Recorded data
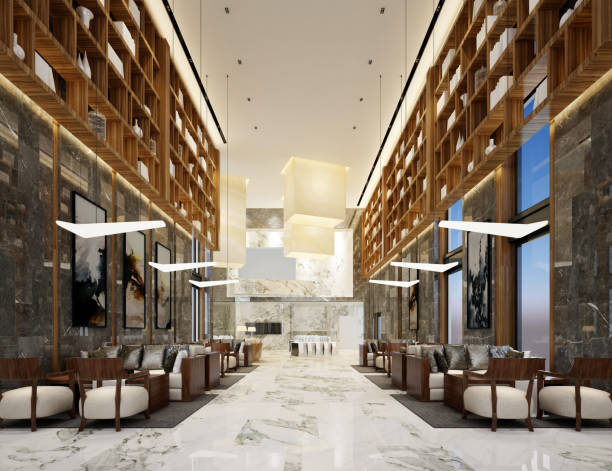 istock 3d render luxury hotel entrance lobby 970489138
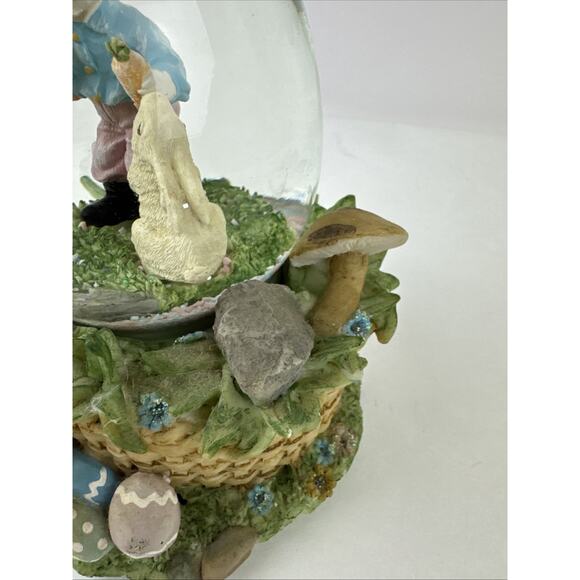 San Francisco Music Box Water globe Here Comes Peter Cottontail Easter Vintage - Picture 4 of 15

* * *

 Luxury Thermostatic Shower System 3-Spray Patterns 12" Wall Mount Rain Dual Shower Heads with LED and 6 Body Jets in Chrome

Task prompt
Nothing except the lines from the one containing "istock 3d render" through the one containing "San Francisco Music" should appear in the answer, exactly as above and without pictures.

Task response
 istock 3d render luxury hotel entrance lobby 970489138
 San Francisco Music Box Water globe Here Comes Peter Cottontail Easter Vintage - Picture 4 of 15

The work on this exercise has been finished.